The inspection took place on 23 and 24 November 2016 and was announced. Home Instead Senior Care is a domiciliary care agency registered to provide personal care to people living in their own homes. At the time of this inspection the agency was providing a service to 29 people. Visits were a minimum of one hour and the frequency of visits varied depending on people's individual needs.
The previous registered manager left the service in September 2016. The providers have been actively seeking a replacement manager. There is an acting manager (who had previously been the registered manager of the service) and deputy in post, who with the support of the provider (who had previously been a registered manager), oversee the agency. A registered manager is a person who has registered with the Care Quality Commission to manage the agency. Like registered providers, they are ‘registered persons’. Registered persons have legal responsibility for meeting the requirements in the Health and Social Care Act 2008 and associated Regulations about how the agency is run.
People, their relatives and other stakeholders told us that Home Instead provided an excellent service. People were supported by staff and management who were committed to people being in control of their own lives and care. Staff shared the provider’s passion and commitment to provide the best care possible. The provider and staff all worked to ‘make a difference’ to people.
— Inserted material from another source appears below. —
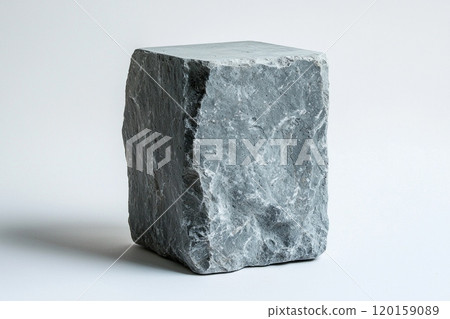 rectangular concrete marker stands prominently embodying minimalist aesthetic its sharp lines and smooth texture emphasizing simplicity and modernity. 120159089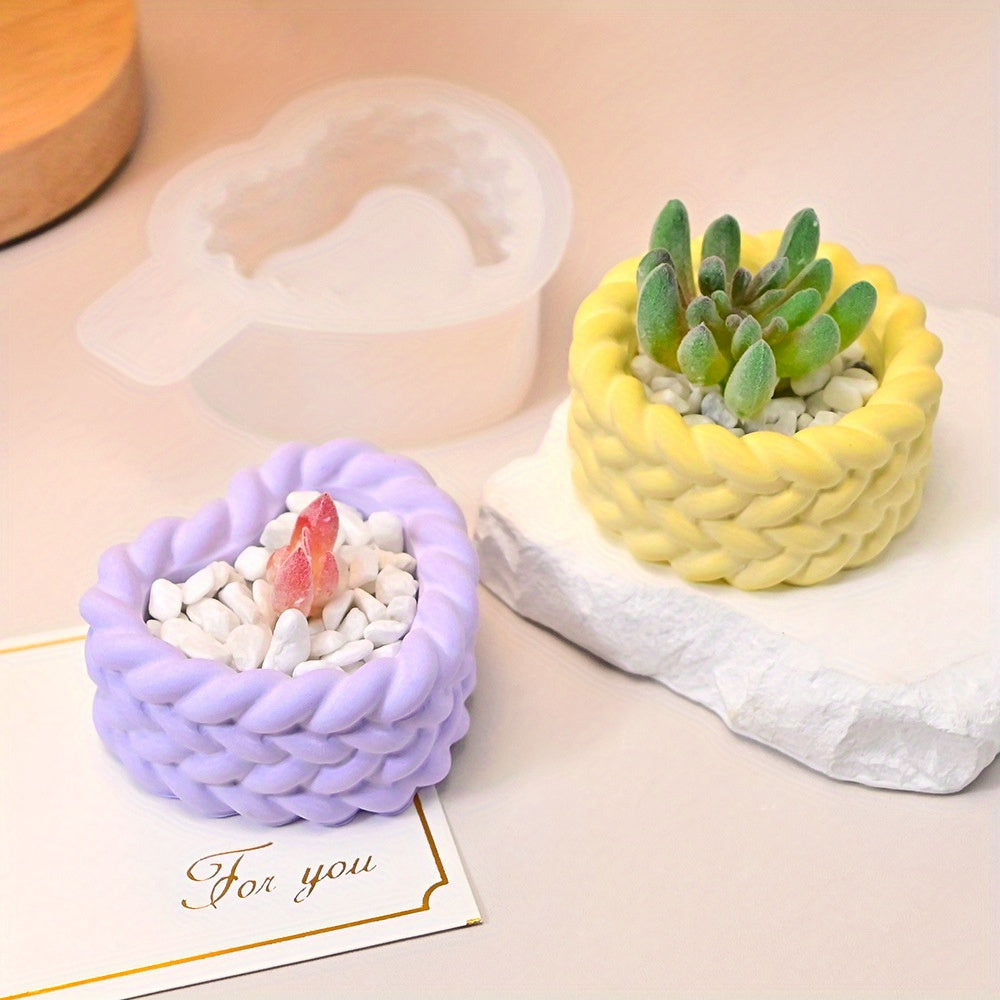 eusable Non-Toxic Home Decor Gift Idea - Silicone Mold for Scented Candles & Succulent Planters - Hemp Rope Twist Design - Dual-Use DIY Craft Mold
Staff were supported and trained and had the skills they needed to support people. Staff were recruited safely and were asked questions related to the values of the service to help recruit the right staff. Staff said they felt supported and confident in their roles. The office staff also supported people so they knew them and could step in to cover any shortfalls like sickness. Staff were regularly given feedback to improve their performance or recognise their achievements.
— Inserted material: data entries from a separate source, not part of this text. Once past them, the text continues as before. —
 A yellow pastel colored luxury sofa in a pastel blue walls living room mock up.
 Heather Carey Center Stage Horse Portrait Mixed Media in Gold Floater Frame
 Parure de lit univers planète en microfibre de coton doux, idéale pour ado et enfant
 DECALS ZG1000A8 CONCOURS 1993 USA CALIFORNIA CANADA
There were enough staff to over all the calls and meet people’s needs. Staff were on time for visits, they often stayed beyond the allotted time if they needed to and people said they did not feel rushed. People told us staff were ‘kind and caring, often going above and beyond what was expected.’ Staff treated the people they supported and their families with dignity and respect, always remembering they were in someone else’s home.
People and staff were matched by the agency, taking into account their hobbies and life experiences. People told us they had built positive relationships with staff. Staff used their knowledge of people to encourage them to stay well and remain independent. People were left snacks or drinks they liked to encourage them to eat and drink. If staff were concerned about people’s health or weight, they contacted the office who would speak to the person’s family or make a referral for support. Relatives told us this prompt response to health needs had enabled their family members to stay in their own home which was their wish.
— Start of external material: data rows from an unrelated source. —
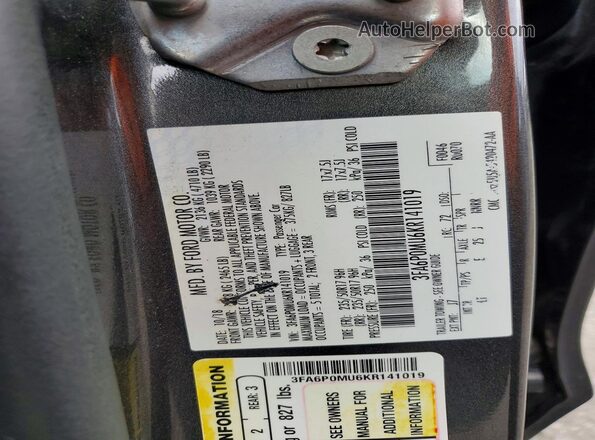 3FA6P0MU6KR141019 2019 FORD FUSION Gray ძრავის განყოფილების ხედი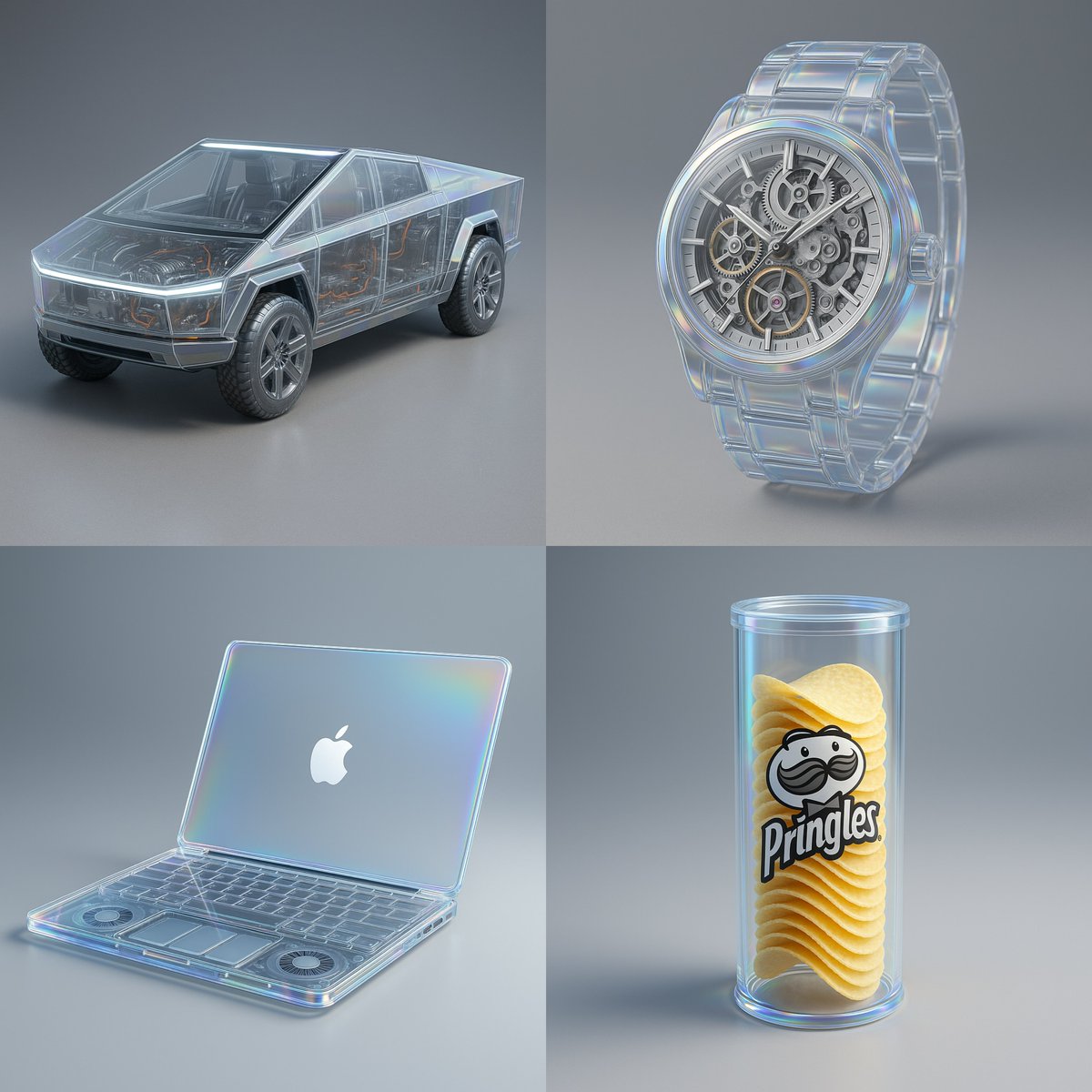 Create a fully transparent {{PRODUCT}} in ultra-clear iridescent glass, revealing internal components and mechanics in photorealistic detail under ~7000K studio lighting on a neutral background.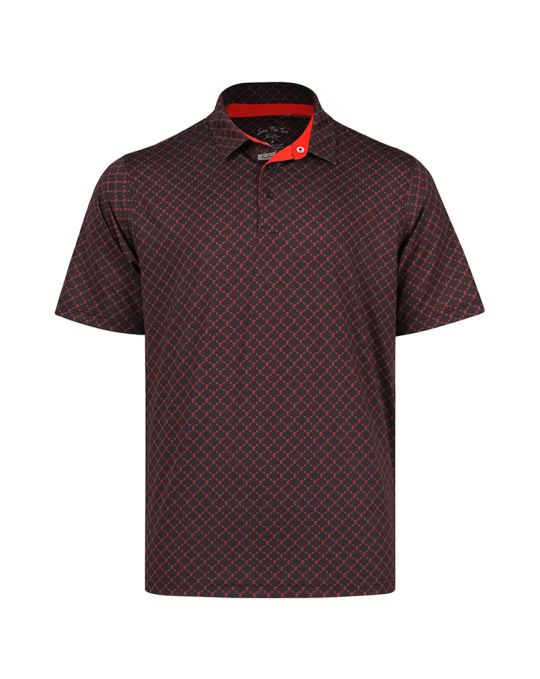 The Rusty Standard Back Nine Blend Polo Shirt-Onyx/Poppy/Cloud-XL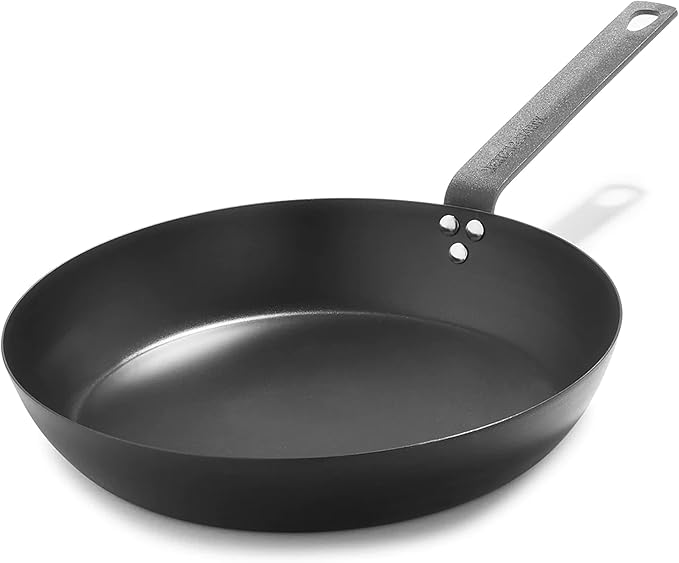 Merten & Storck 12" Pre-Seasoned Carbon Steel Frying Pan Skillet | Natural Nonstick with Use, Induction & All Stovetop Suitable, Grill & Campfire Safe, Even Heating, Indoor/Outdoor Use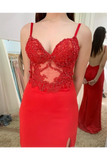 Illusion SweetHeart Neck Backless Spaghetti Red Prom Dresses With Sweep SJSP7GFQPJ3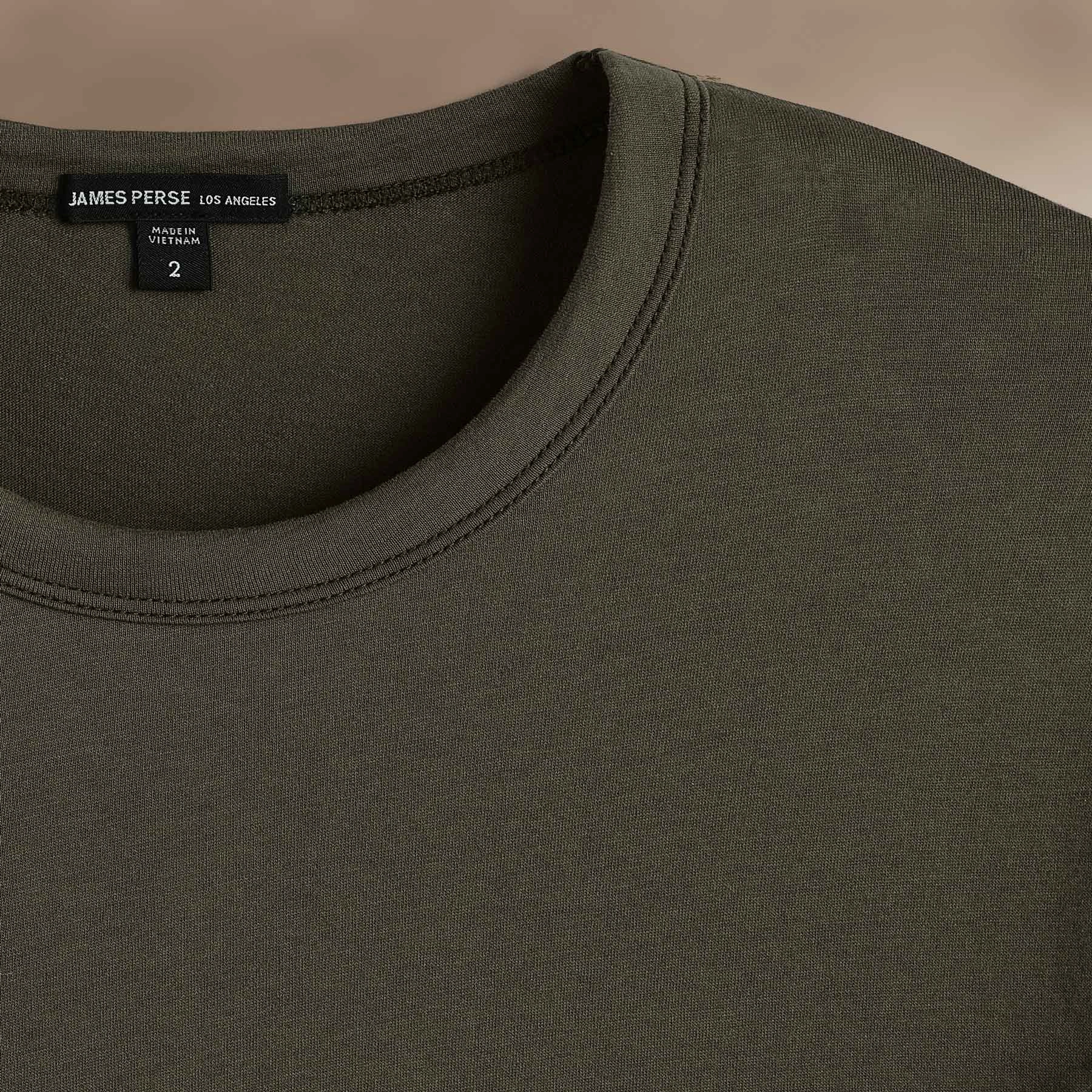 Brushed Lotus Long Sleeve Crew - Army Green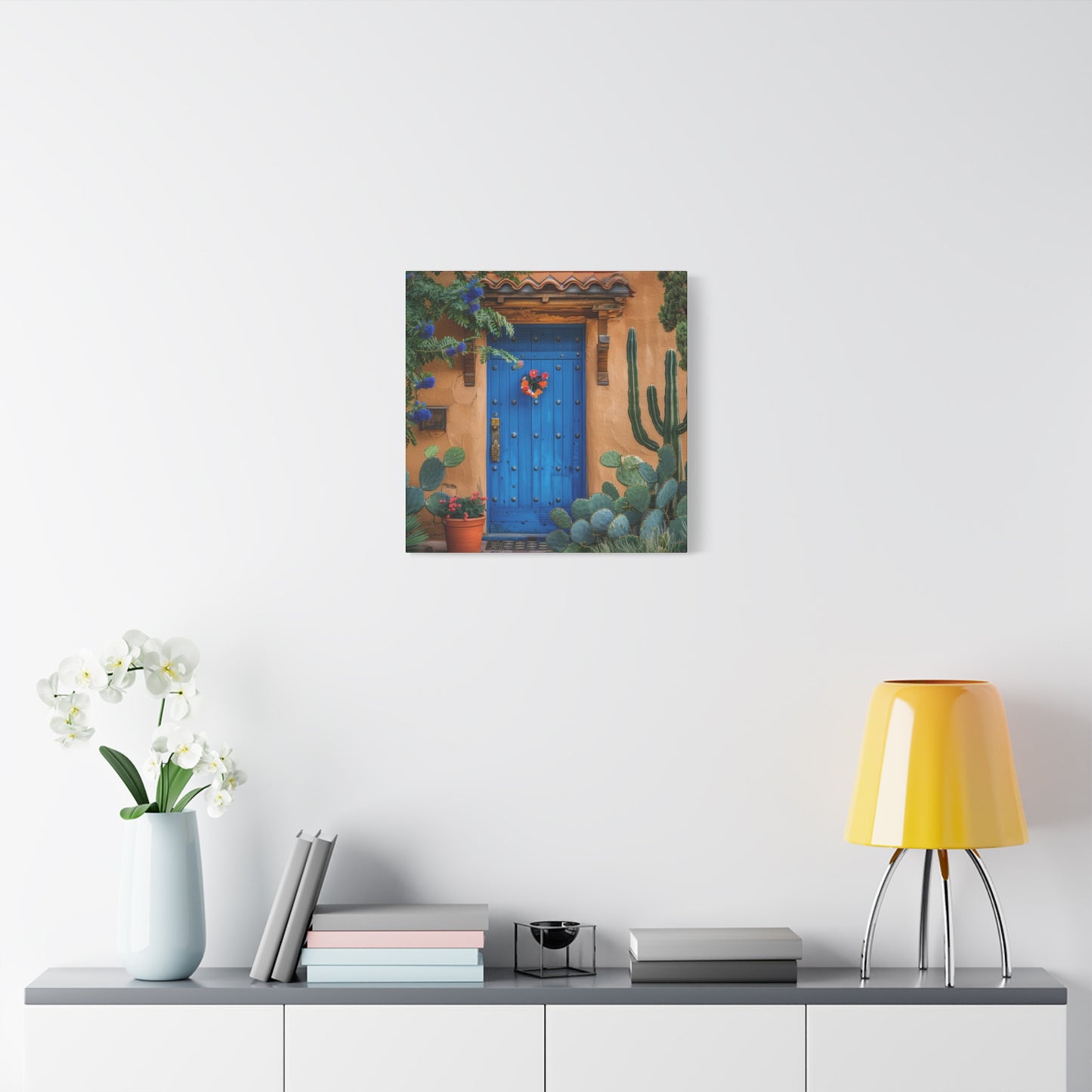 Canvas Wall Art - Santa Fe Door Blue Design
The provider, manager and staff worked with local charities and organisations to support people to be active and take part in activities. The provider and manager set up a ‘Friday club’ for people to be able to socialise and to reduce the feeling of isolation. The provider also delivered dementia training to local groups and families to increase their understanding of the condition.
People had care plans which were developed by them, and were based on their preferences. Some of the care plans were very detailed and gave staff the information they needed to provide people’s care. People chose the times of their calls and the staff worked around this so that everyone had a call at a time that suited them.
Staff knew how to recognise and respond to abuse. There had been no safeguarding incidents in the past year, but the manager and provider knew what to do if they occurred. Risks to people and staff had been thoroughly assessed and action taken to mitigate them when necessary.
Trained staff supported people with their medicines, including people as much as possible. Staff had up to date knowledge on the Mental Capacity Act 2005 (MCA) and Deprivation of Liberty Safeguards (DoLS). They supported people to make their own choices. People signed their care plans, giving consent to their care.
The provider regularly checked the quality of care given to people through surveys, spot checks and quality assurance visits. Positive feedback was passed on to the staff, staff told us ‘This makes us know how much they value us.’
The service was a franchise branch of a national company and was audited six monthly by the head office and improvements had been noted.
The service had not received any complaints in the last 12 months, but people told us they knew who to complain to and how. There was a policy in place and the provider reminded people of it when she visited them.